Imagine a group of gentleman from the Moulin Rouge era enjoying a night on the town inside your daughter's favorite music box. Striving for the same vintage look that made Nine Inch Nails' "Closer" video a hit one year earlier, photographer Mark Seliger and designer Fred Woodward evoked a bygone era of prostitution with a whorish Courtney Love as a wailer of female pain. The clip's jaw-dropping visuals are trumped only by Love's ability to turn make-up smearing into an art form.



Photographer and commercial director Melodie McDaniel hit pay dirt with the release of two black-and-white gems, one for The Cranberries breakout single "Linger" and one for Madonna's "Secret." McDaniel's images are less body-horrific than those of Cindy Sherman's yet they're every bit as consumed with the way femininity is represented in modern art. McDaniel channeled the spirit of Sherman and John Cassavettes for "Linger," an abstract video diary that follows Dolores O'Riordan through a seedy hotel with two lookalikes by her side. O'Riordan codifies and displaces her "self" via her doubles, no doubt as a reaction to the way the males in the video choose to consume her. McDaniel's "Secret" is a more straightforward account of female performance. Though her Bedtime Stories album was an apologia of sorts for her Erotica debacle, the videos Madonna produced for the former showcase a subversive need on the singer's part to question the authenticity of how she's chosen to represent herself as a cultural mutt. Madonna's incessant posing has forever complicated her true intentions and, throughout the years, cultural critics like Bell Hooks have criticized Madonna for the way she's chosen to commodify and appropriate black culture into her iconography. In "Secret," Madonna plays a white chanteuse in Harlem with a hankering for brown sugar. That she keeps a relative distance between herself and everyone else in the video suggests the singer's earnest belief that a white girl's intimacy with someone from an "other" culture is one that must be carefully earned. Her "secret" is the video's trump card, a way for Madonna to sadly legitimize her place in the video's retro Harlem milieu. "Secret" is a less problematic text than "Like A Prayer" because it directly addresses Madonna's own conflict as a cultural riddle. She seemingly responds to Hooks and declares that she's no plantation mistress but a soul sister at heart.



One of the first superstar artists to shun his image-driven fame, George Michael refused to appear in any of the videos from his second solo album Listen Without Prejudice. The irony-laced "Freedom 90," directed by David Fincher, featured a bevy of top models (Cindy Crawford, Linda Evangelista, Naomi Campbell) lip-synching to Michael's pointed words. The video, like the album, was intended to be an artistic rebirth for the former Wham! singer; the jukebox from "Faith" and his trademark leather jacket and guitar were ceremoniously burned and destroyed by video's end. Michael would go on to employ models for his videos many times throughout his career, but "Freedom" was the only one to utilize more than their blank expressions. The video dug beneath surface facades and blurred the lines of gender and image while pushing the music video form as a whole.

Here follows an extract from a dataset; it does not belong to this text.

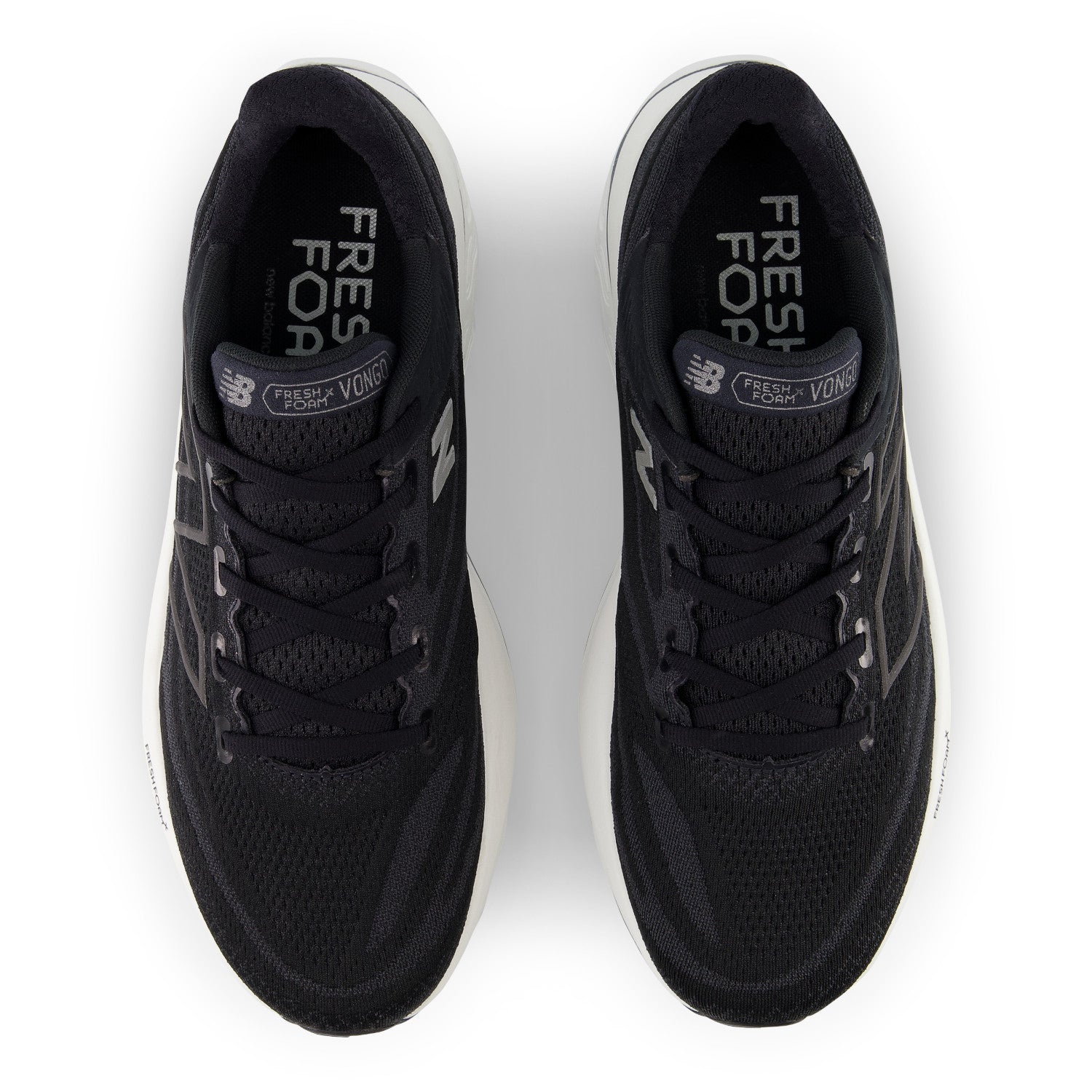 New Balance Men's Fresh Foam X Vongo v6 Running Shoes in BLACK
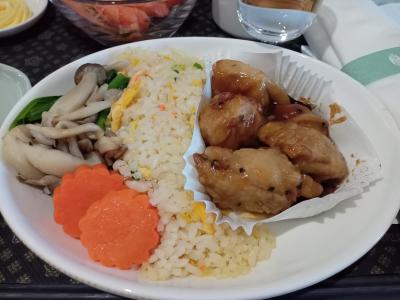 チャイナエアライン CI221（HND→TSA）・CI108（TPE→NRT）ビジネスクラス機内食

As a witch lost in an unidentified desert landscape, Madonna gets to turn into a scary-as-shit Doberman and a flock of crows in a matter of minutes. She also gets to float in the air, dance with herself in triplicate and summon a cosmic storm with the twirl of her Henna-covered hand. The overriding theme is isolation but, as directed by Chris Cunningham (Aphex Twin's "Come To Daddy"), the effect is not unlike stepping into the ravishing, apocalyptic hellfire of Salman Rushdie's "Satanic Verses" and "The Ground Beneath Her Feet."



Never has a music video character been embraced so empathetically. The trials, tribulations and joys of The Bee Girl (Heather DeLoach, now 19) resonated with millions of outcasts across America, making Blind Melon's Buzz Bin hit "No Rain" a true MTV classic.